Senator COATES —Has the Minister for Community Services seen criticism, particularly by State Ministers such as Tasmania's Mr Cleary, that the Federal Government is not doing enough in the field of care for the aged? Will the Minister outline this Government's aged care initiatives and give a breakdown of Commonwealth expenditure on aged care?

Senator Missen —Another Dorothy Dix question, I suppose.

Senator GRIMES —No, Senator Missen is wrong. Yes, I have seen the criticisms that Mr Cleary has made and makes frequently about this Government's approach to aged care or anything else concerned with his area. I accept that that is the sort of thing we have to put up with when someone like Mr Cleary is a Minister in a State like Tasmania. The simple fact is that at present we are trying to negotiate with all the States a home and community care agreement to assist aged people to stay in their homes. We are trying to negotiate a sensible system of nursing home approvals. We have initiated with the Tasmanian Government a system of assessment of people in nursing homes, in Mr Cleary's area in particular. It is not easy, though, to deal with Mr Cleary, as I have said before, or with Mr Cleary's Government, because Mr Cleary cannot make any decisions without having to go to the Premier and get each of those decisions checked by the Premier. He cannot negotiate, in any real sense of the term, unless he has the Premier sitting next to him to check on everything he does. So, there is a bit of delay in trying to develop things like this in Tasmania.

In general, the Federal Government spends on services to the aged, on everything from aged and disabled persons homes, respite care, delivered meals, home care services, domiciliary nursing care benefits, to nursing home assistance and benefits, about $1.3 billion. If we add to that the $7.3 billion that we spend on service pensions and pensions for the aged, we have considerable expenditure. Despite that, and despite the fact that this expenditure goes up each year, the present Government has in fact been very concerned to make sure that the funds spent on the aged go to where they are most needed. We are in the process of initiating programs so that our elderly people can live, for instance, where they want to live, that is, largely in their own homes and certainly in their own districts, and so that, where necessary, they can live in a less dependent type of accommodation than that in which they have lived in the past. That is what the home and community care program is about and that is what the revamping of the hostel program is about.

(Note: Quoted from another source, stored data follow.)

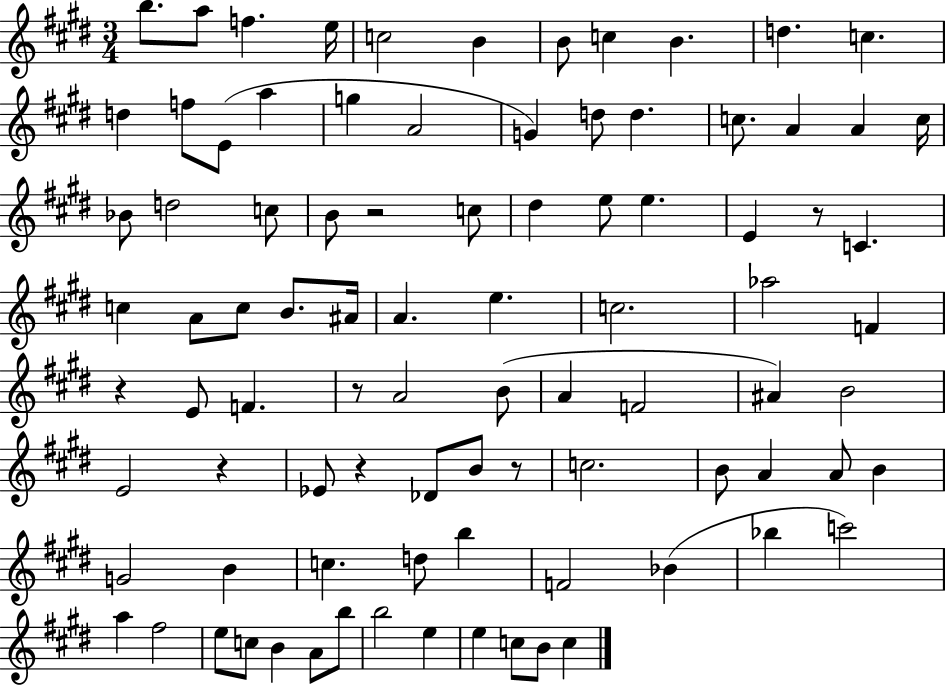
X:1
T:Untitled
M:3/4
L:1/4
K:E
b/2 a/2 f e/4 c2 B B/2 c B d c d f/2 E/2 a g A2 G d/2 d c/2 A A c/4 _B/2 d2 c/2 B/2 z2 c/2 ^d e/2 e E z/2 C c A/2 c/2 B/2 ^A/4 A e c2 _a2 F z E/2 F z/2 A2 B/2 A F2 ^A B2 E2 z _E/2 z _D/2 B/2 z/2 c2 B/2 A A/2 B G2 B c d/2 b F2 _B _b c'2 a ^f2 e/2 c/2 B A/2 b/2 b2 e e c/2 B/2 c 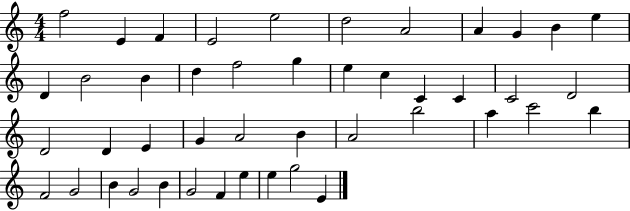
X:1
T:Untitled
M:4/4
L:1/4
K:C
f2 E F E2 e2 d2 A2 A G B e D B2 B d f2 g e c C C C2 D2 D2 D E G A2 B A2 b2 a c'2 b F2 G2 B G2 B G2 F e e g2 E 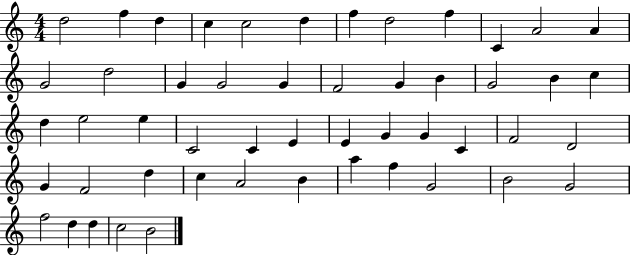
{
  \clef treble
  \numericTimeSignature
  \time 4/4
  \key c \major
  d''2 f''4 d''4 | c''4 c''2 d''4 | f''4 d''2 f''4 | c'4 a'2 a'4 | \break g'2 d''2 | g'4 g'2 g'4 | f'2 g'4 b'4 | g'2 b'4 c''4 | \break d''4 e''2 e''4 | c'2 c'4 e'4 | e'4 g'4 g'4 c'4 | f'2 d'2 | \break g'4 f'2 d''4 | c''4 a'2 b'4 | a''4 f''4 g'2 | b'2 g'2 | \break f''2 d''4 d''4 | c''2 b'2 | \bar "|."
} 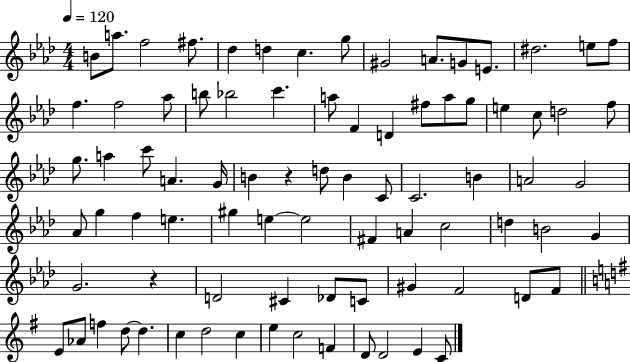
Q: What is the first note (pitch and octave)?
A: B4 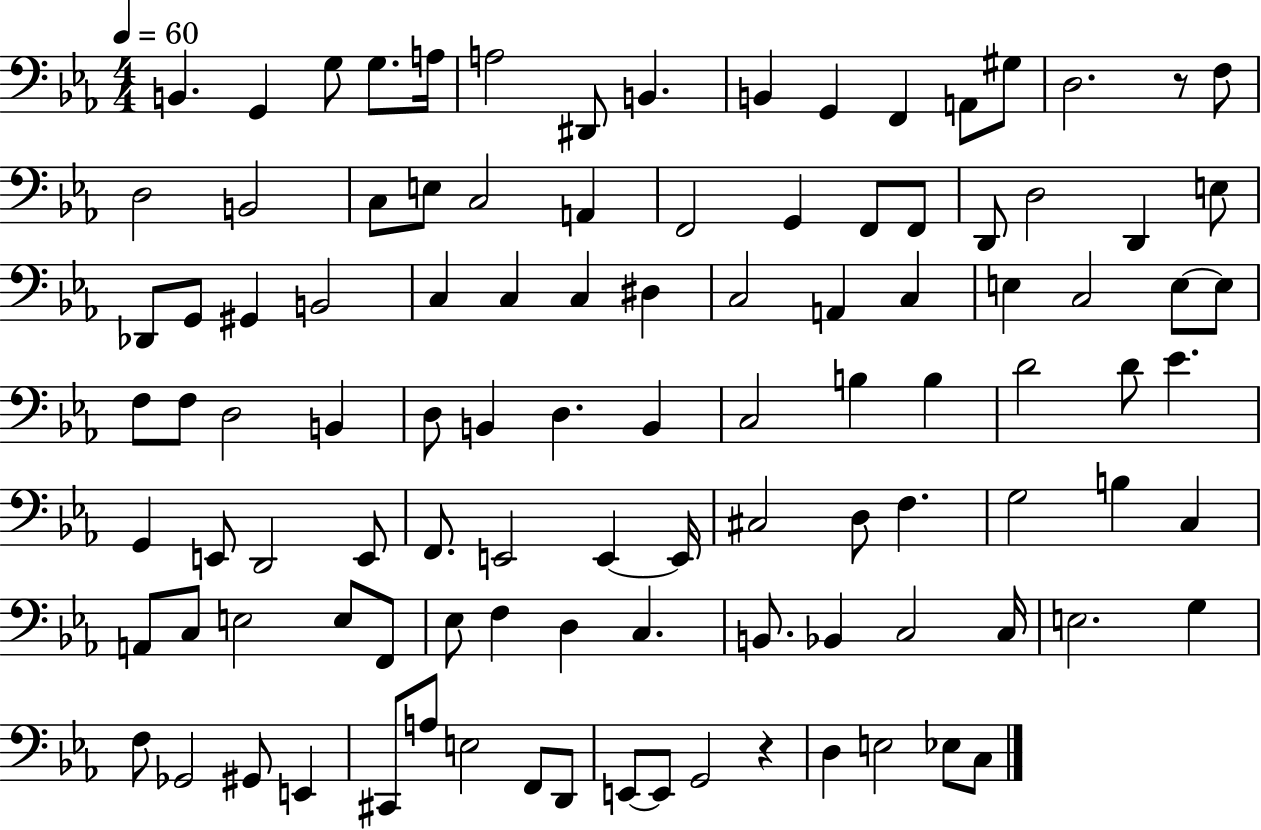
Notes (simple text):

B2/q. G2/q G3/e G3/e. A3/s A3/h D#2/e B2/q. B2/q G2/q F2/q A2/e G#3/e D3/h. R/e F3/e D3/h B2/h C3/e E3/e C3/h A2/q F2/h G2/q F2/e F2/e D2/e D3/h D2/q E3/e Db2/e G2/e G#2/q B2/h C3/q C3/q C3/q D#3/q C3/h A2/q C3/q E3/q C3/h E3/e E3/e F3/e F3/e D3/h B2/q D3/e B2/q D3/q. B2/q C3/h B3/q B3/q D4/h D4/e Eb4/q. G2/q E2/e D2/h E2/e F2/e. E2/h E2/q E2/s C#3/h D3/e F3/q. G3/h B3/q C3/q A2/e C3/e E3/h E3/e F2/e Eb3/e F3/q D3/q C3/q. B2/e. Bb2/q C3/h C3/s E3/h. G3/q F3/e Gb2/h G#2/e E2/q C#2/e A3/e E3/h F2/e D2/e E2/e E2/e G2/h R/q D3/q E3/h Eb3/e C3/e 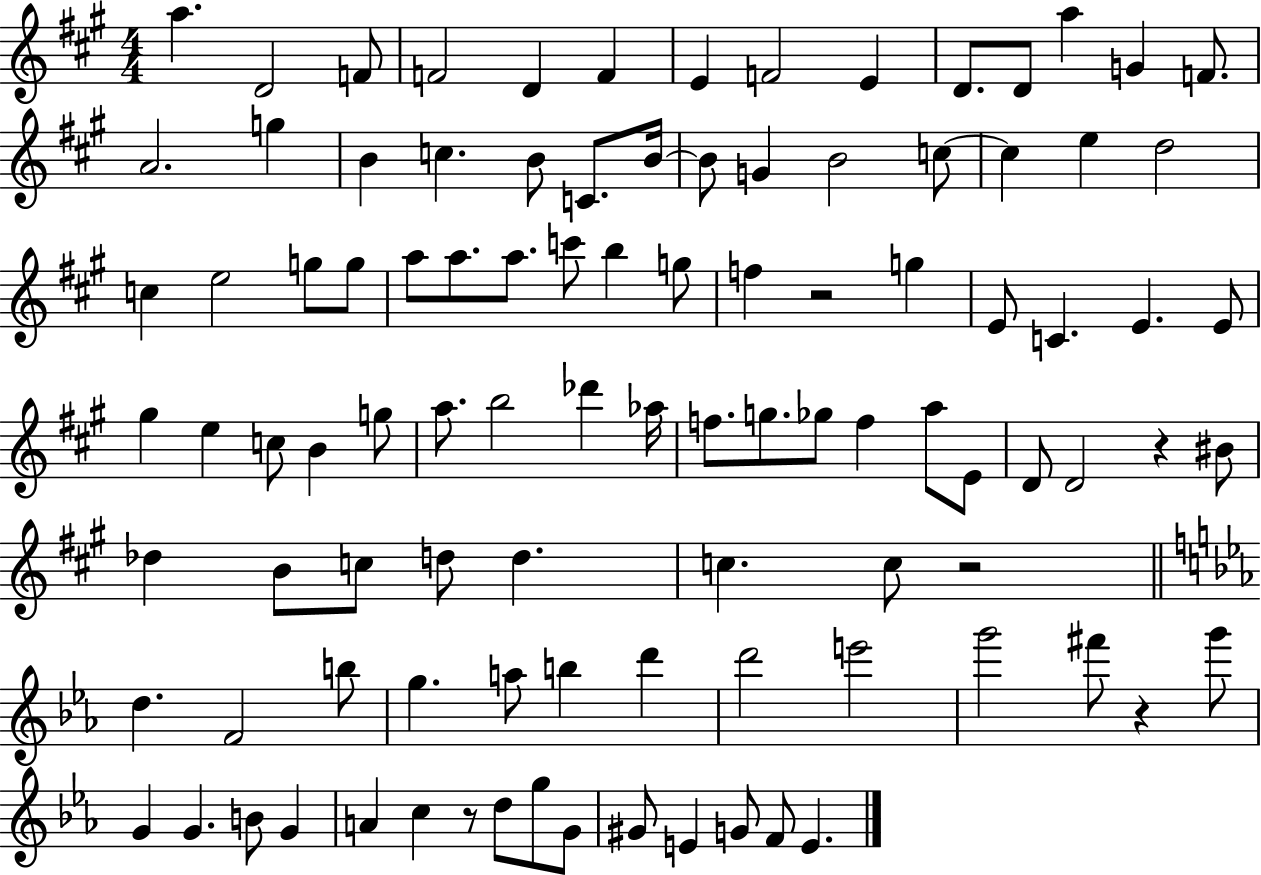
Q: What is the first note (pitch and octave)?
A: A5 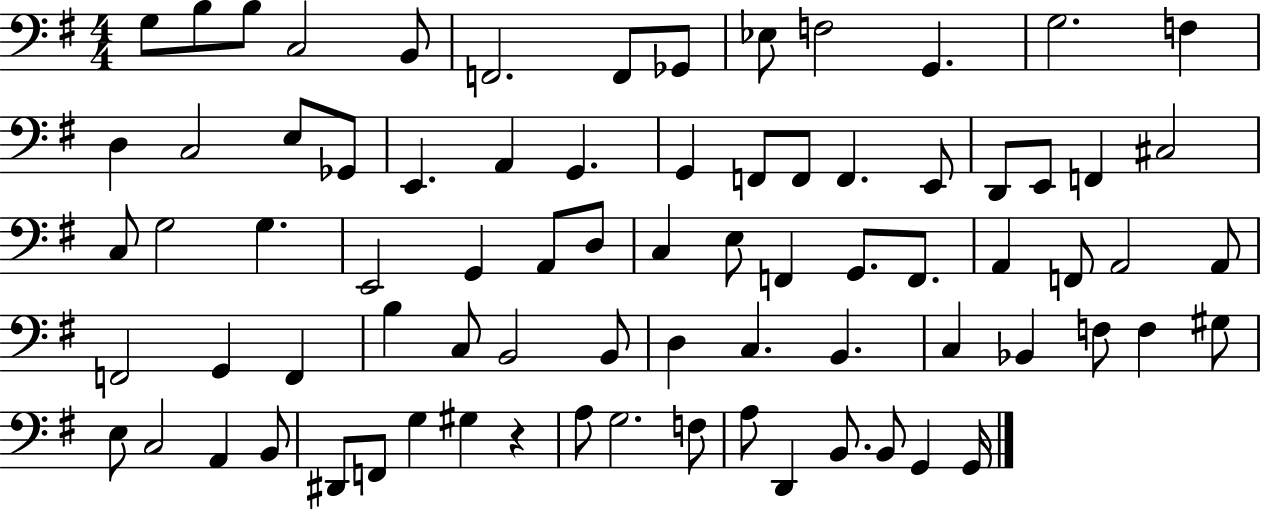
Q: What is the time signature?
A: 4/4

We hoped that, in co-operation with the States-all States except Tasmania are very keen to co-operate in this area-we will be able to rationalise the large number of programs which are the responsibility of Federal and State governments, State departments, local government and non-government organisations, to avoid the duplication and confusion which occur in this area. I do not take too much notice of Mr Cleary's complaints. Mr Cleary in fact makes a lot of noise in the areas in which he and his Government are most deficient. I think that is something that people like Senator Coates and I, being Tasmanians, just have to wear.